None of that makes Spot AI the better answer for an EHS program, and Voxel beats it outright in two places. Voxel publishes a detection accuracy figure and a 48-hour go-live, and Spot AI publishes neither, so on those numbers there is more to hold Voxel to than there is to hold Spot AI to. Its coaching workflow, with task assignments, follow-ups and executive-level reporting, is a deeper safety-management layer than Spot AI ships: Spot AI raises the detection and expects your own process to carry it from there. Spot AI also states camera compatibility by protocol rather than publishing a coverage rate. A constraint list earns its keep by lining each platform's shape up against your starting point.
A live pilot on your plant cameras answers in a week what a spec sheet cannot.
Customer-reported outcomes from named Spot AI customers.
Staccato runs context-aware protective equipment rules by zone and person type across an 800-acre campus, supporting its ISO certification work.
Silver Bay Seafoods reported protective equipment compliance and safety standards up 10 to 15% across 22 locations and up to 800 seasonal employees.
Unique Industries covers more than a million square feet with a three-person safety team, catching near misses and falls on the cameras already installed.
"We chose Spot AI knowing our surveillance system could become an extension of our safety team. We now have someone on that team whose job is to study the video and flag cases for review."
Five, all documented. Nothing happens on the floor at the moment of an event, because the published output is an alert feeding task assignments, follow-ups and coaching. The published scope is safety and operations rather than security. The outcomes depend on somebody running the workflow every week at every site. The conditions behind the over 95% of existing IP cameras figure are not published, and no analog route appears. And the accuracy figure, the customer percentages and the retention and export terms all lack the detail an evaluation needs.
Yes, and the claim is one of the strongest in this category: Voxel states it works with over 95% of existing IP cameras and that a site is live within 48 hours of installation using its existing camera infrastructure. The constraint is the remainder rather than the rate. No resolution, frame rate, codec or mounting condition is published, so the cameras that fall outside cannot be identified in advance, and the figure is stated about IP cameras with no analog route named.

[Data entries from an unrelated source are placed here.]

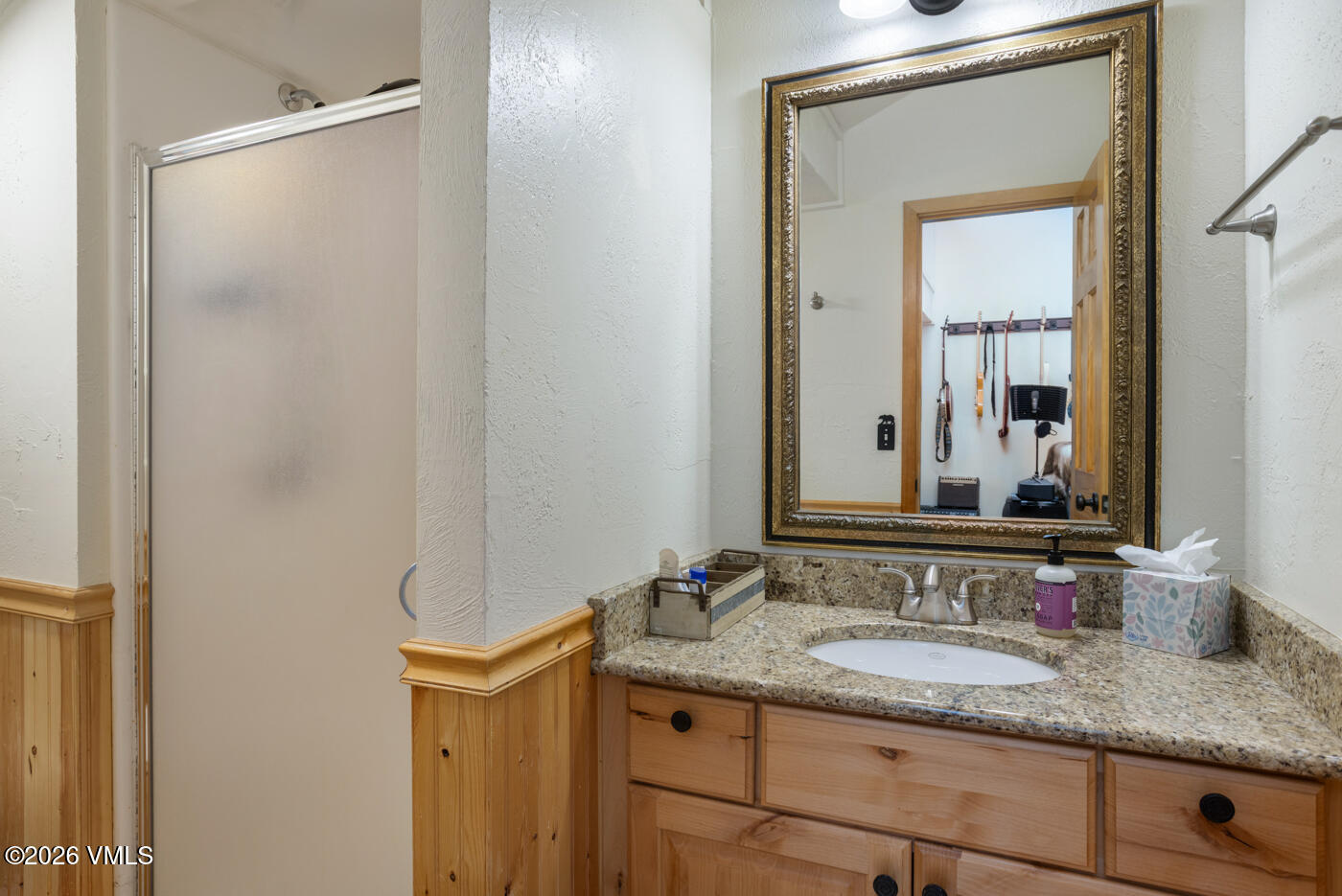 5024 Main Gore Drive S UNIT B14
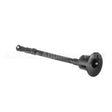9302-01 Amerec Sensor, Temperature 100K (Black)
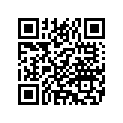 1361001 DECAL,F'TANK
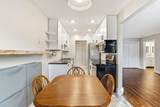 4424 Cedar Lake Road - Photo 6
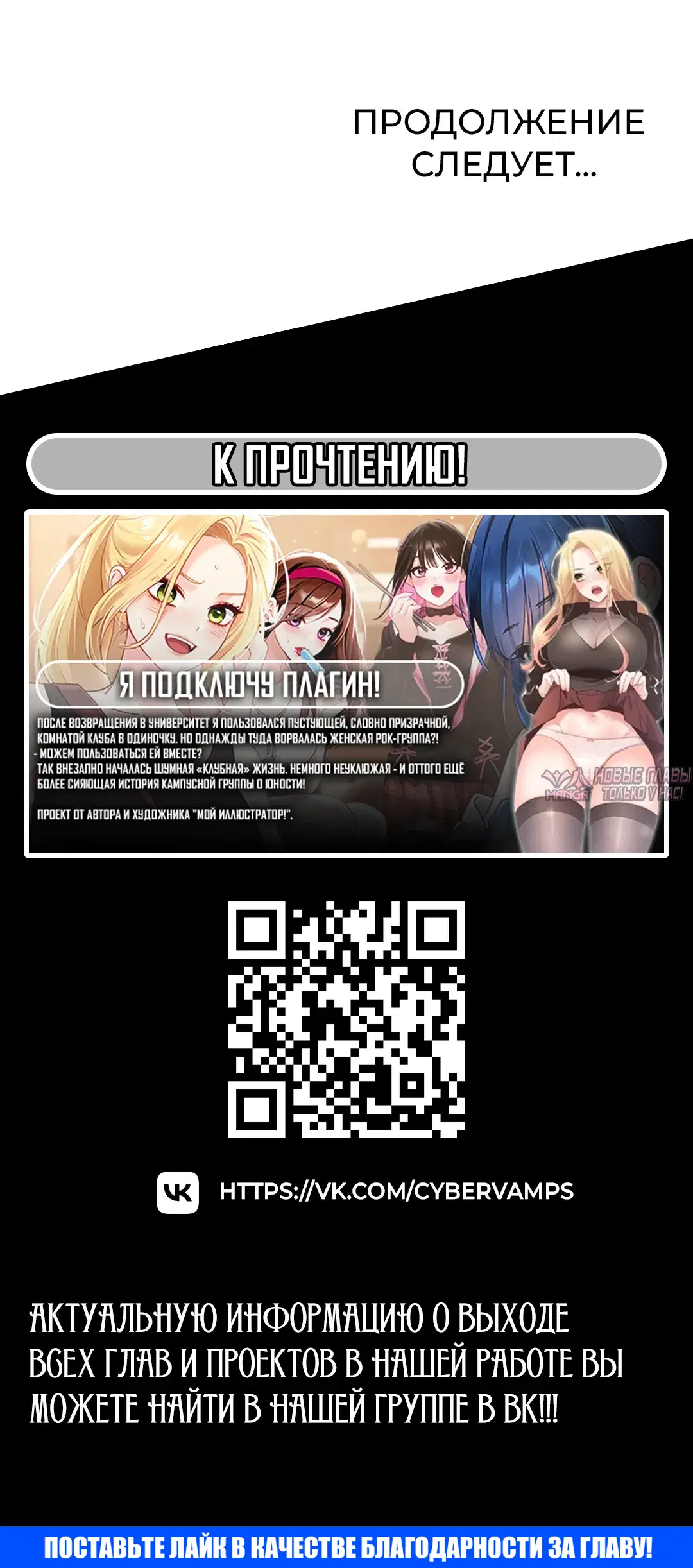 Page 39.000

Not in the published set. Ergonomics, material handling, vehicle interactions, protective equipment compliance, pedestrian zone violations and near-miss detection are what the pages name, and intrusion after hours, loss, tailgating and evidence packs for an investigation do not appear anywhere. That is focus rather than a shortcoming, and it is a scope question to settle with whoever is funding the cameras before a rollout rather than after.

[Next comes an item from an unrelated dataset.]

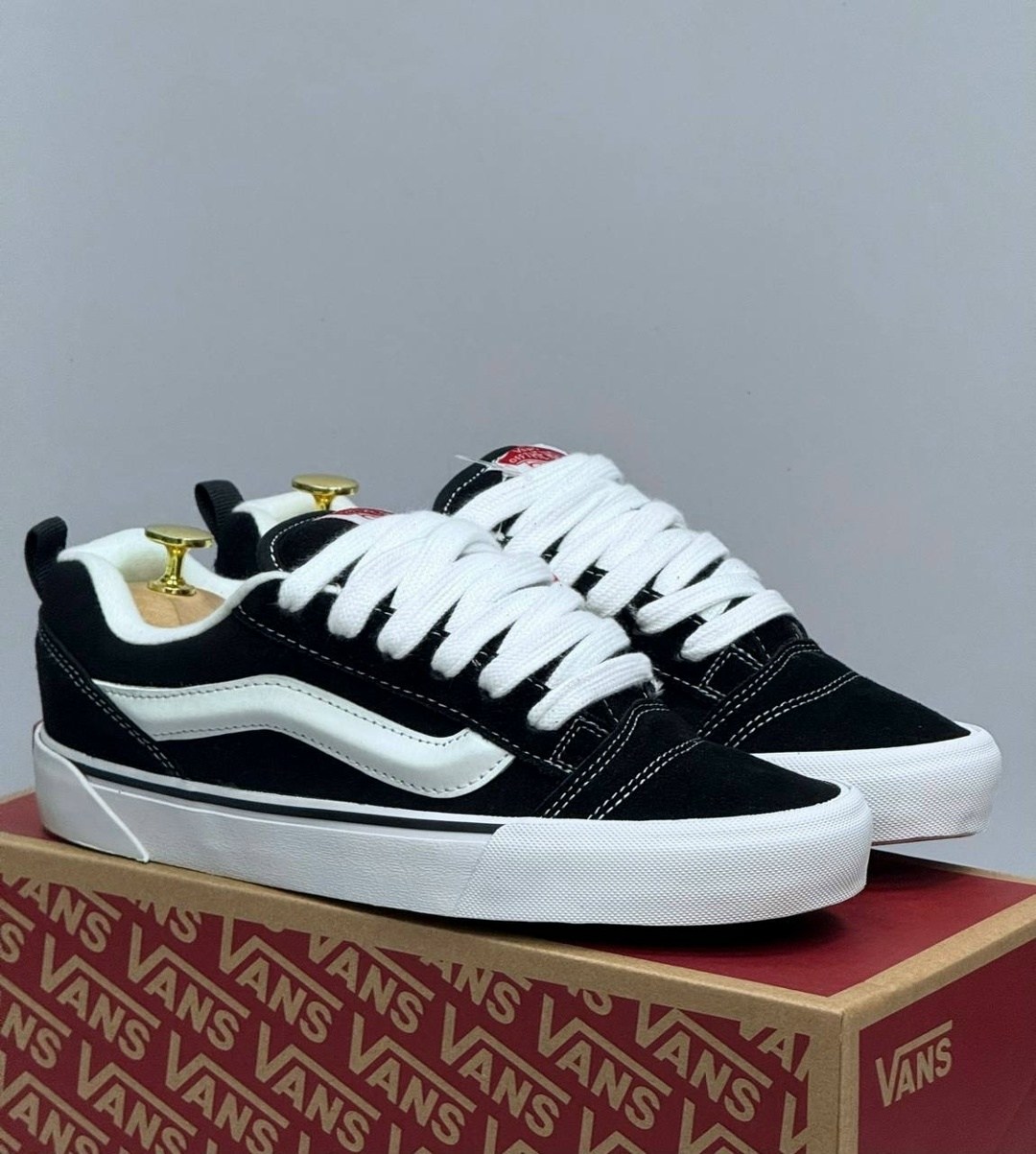кроссовки vans knu skool,кеды vans knu skool,ванс кроссовки,кеды vans,кеды vans old skool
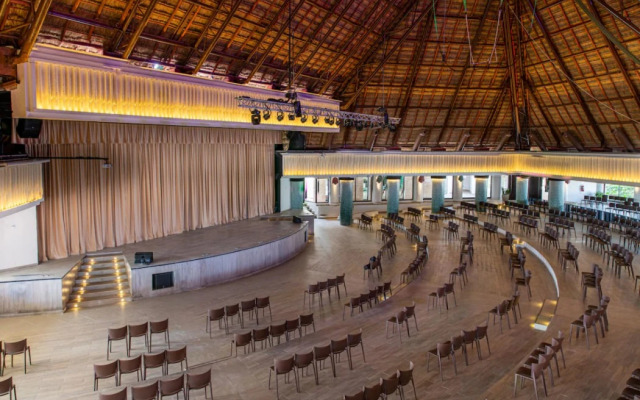 Bahia Principe Grand Tequila - Adults Only All Inclusive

It is published without the context needed to test it: no baseline, no sample, no observation window and no statement of which detections it covers, so it cannot be compared with another vendor's number or used as an acceptance threshold. The same applies to the customer percentages, one of which is explicitly a first-30-days figure. Treat all of them as evidence the program works somewhere, and agree in writing what accuracy means for your pilot before it starts.

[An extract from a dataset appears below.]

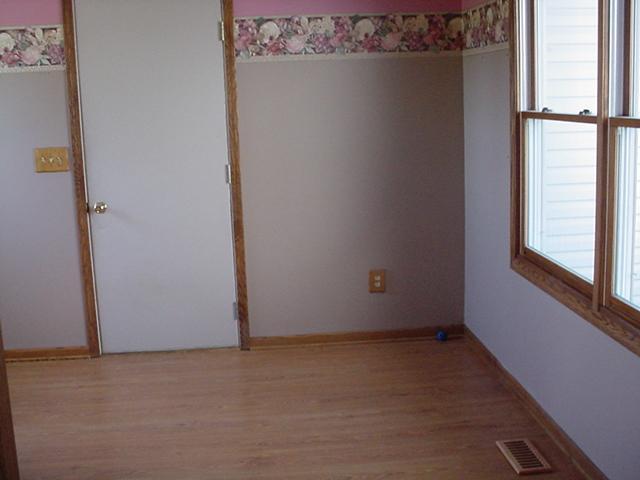 4210 Lock Road Centerburg, OH 43011 - Photo 10 of 14 Gallery Image 10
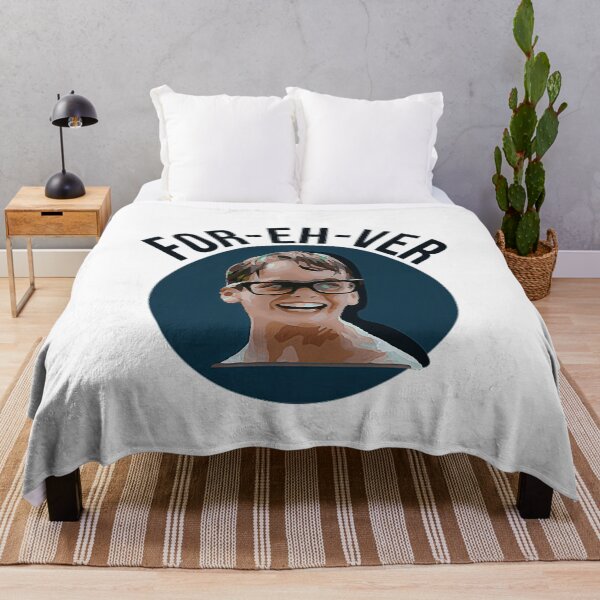 Item preview, Sandlot designed and sold by alecbenjaminn.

It depends on whether the cameras also have to cover security and whether the response has to happen on site. For a coaching-led EHS program with a team to run it, Voxel publishes more named customer evidence than almost anything else here. For an estate that needs safety, operations and security on the same feeds with an automated response, a platform such as Spot AI fits: 15+ pre-trained Video AI Agents on any ONVIF or RTSP camera plus legacy analog through the Intelligent Video Recorder, with talk down, strobes and horns on standard speakers.